Today in the grocery store I ran into Madame L., a French woman who married an American GI and moved to our town decades ago. When I was a child, I would see her in a five-and-dime store, where she managed a department. Her accent was as thick as curd, her demeanor unusually precise and calm. Today was the first time I had seen her in many years. I greeted her in French, and began speaking French to her.
She answered me in English, and seemed to struggle to understand what I was saying. I switched to English, and when I was sure that she knew who I was, I returned to French. She insisted on English.

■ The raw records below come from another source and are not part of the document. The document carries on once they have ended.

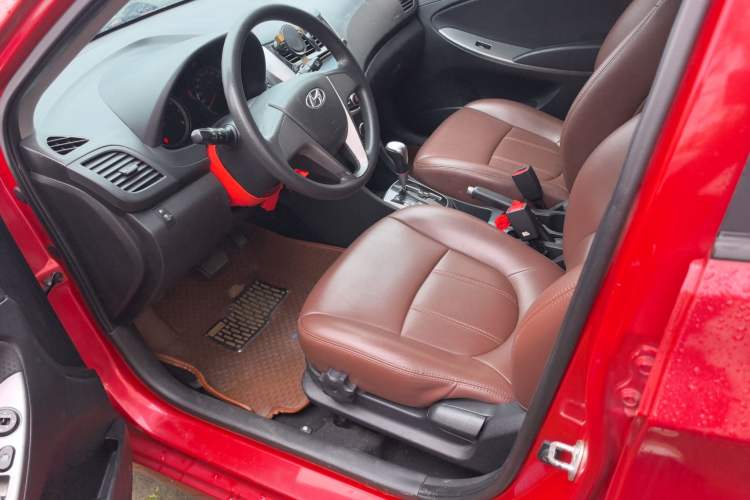 Used Hyundai Verna Ray 2014 1.4L Automatic TOP Interior 2
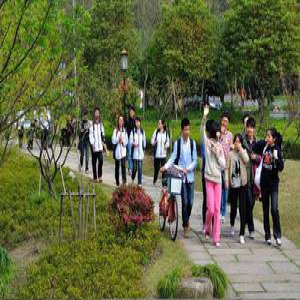 中小学生研学旅行将推开：贫困家庭要减免费用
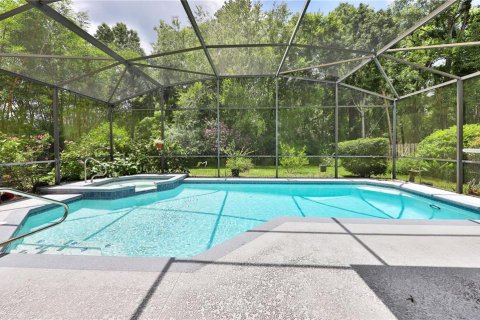 House in Winter Springs, Florida 5 bedrooms, 269.32 sq.m. № 1789153 - photo 2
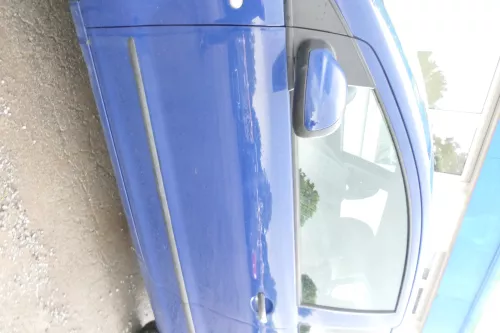 VW Fox 5Z Tür vorne links Fahrertür blau LL5M - ohne Anbauteile (176373)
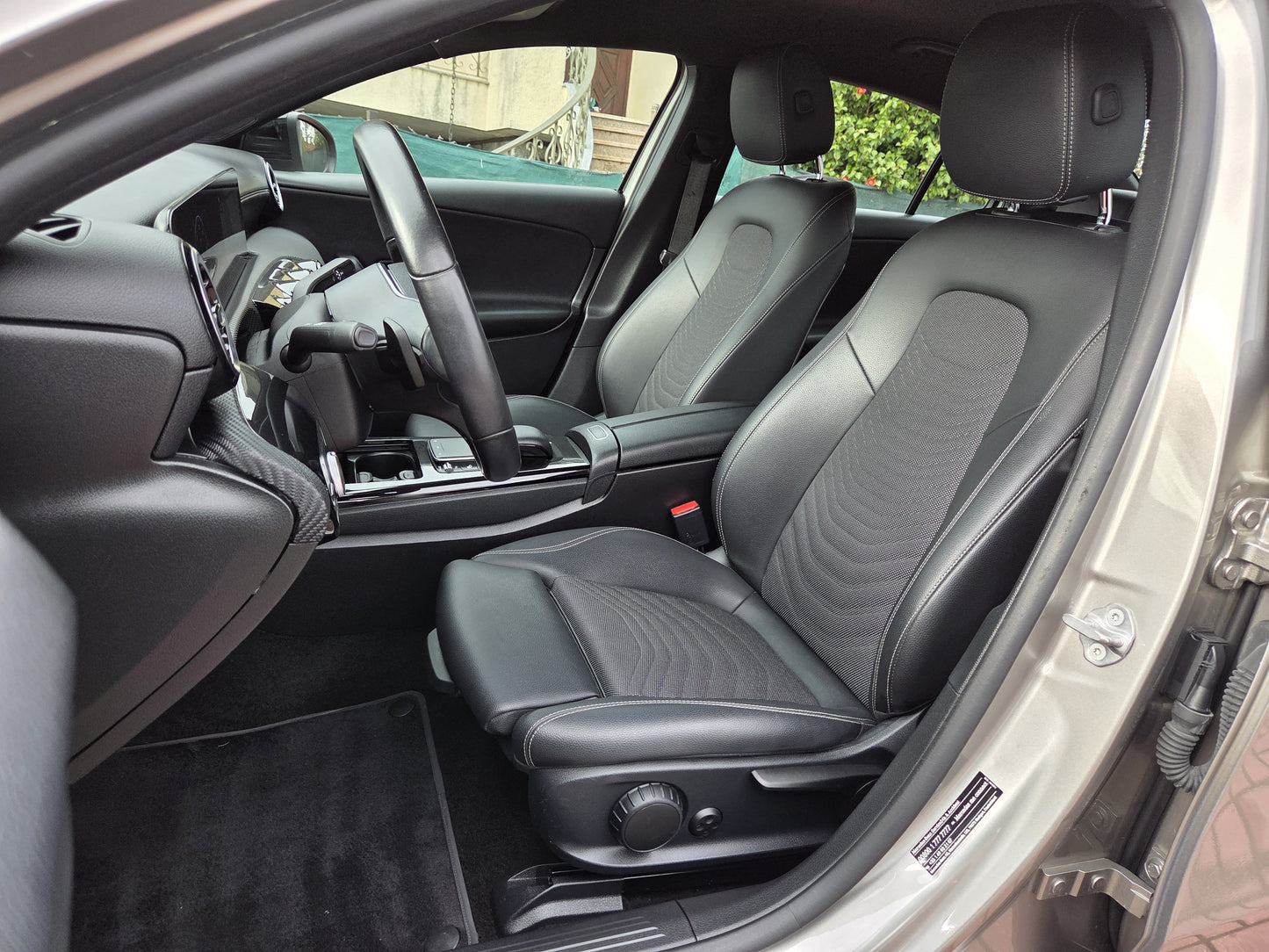 MERCEDES-BENZ A LIMOUSINE 7G-DCT 2020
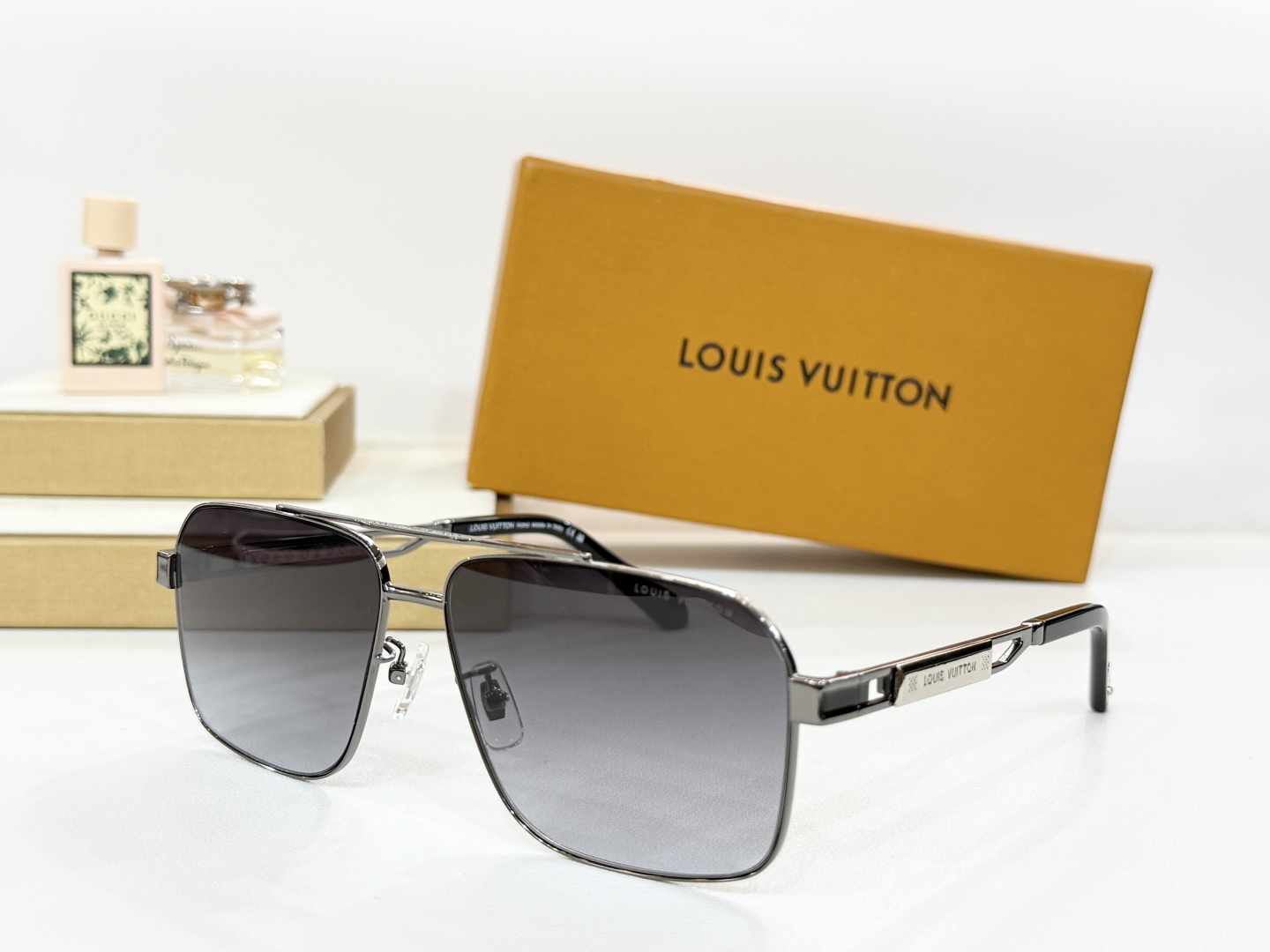  LOUIS VUITTON
MOD：Z1303
Size：62口13-145
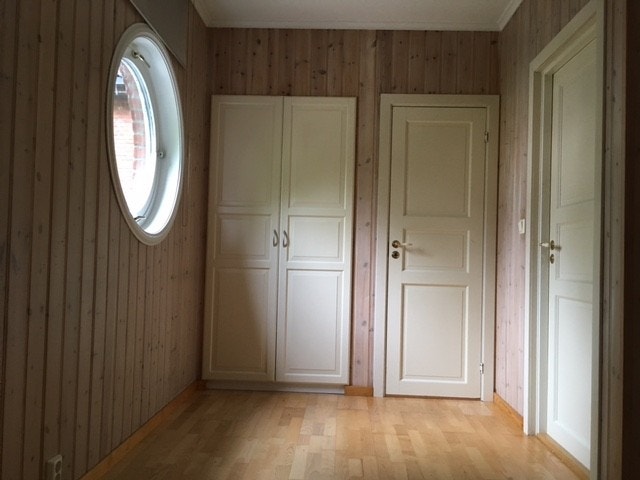 Hovedsoverom mot garder.skap og dører mot hhv garderobe eller bod og mot stuen Galleribilde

“I have been in this country for more than 40 years,” she said, sweetly. And then I realized that she was having trouble understanding what I was saying to her in French. The language in which she was raised. Her first language. The language that, aside from rare occasions, she hasn’t heard spoken around her in over four decades.
How do you lose your native language? I know it happens, but … wow. I can’t imagine not being able to speak English easily. Can you imagine losing your native language? If I forgot how to speak English, it would be like forgetting myself.



Somewhere or other I read the odd allegation that Albert Schweitzer, perfectly bilingual in both French and German, would unconsciously start talking German if discussing a period when his native Alsace was under German rule, and would instinctively switch to French if discussing a period when his native Alsace was under French rule.
There are apparently cases where a sufferer from a stroke, or from a head injury, will lose the ability to speak one language even as his or her ability to speak a second language remains flawless.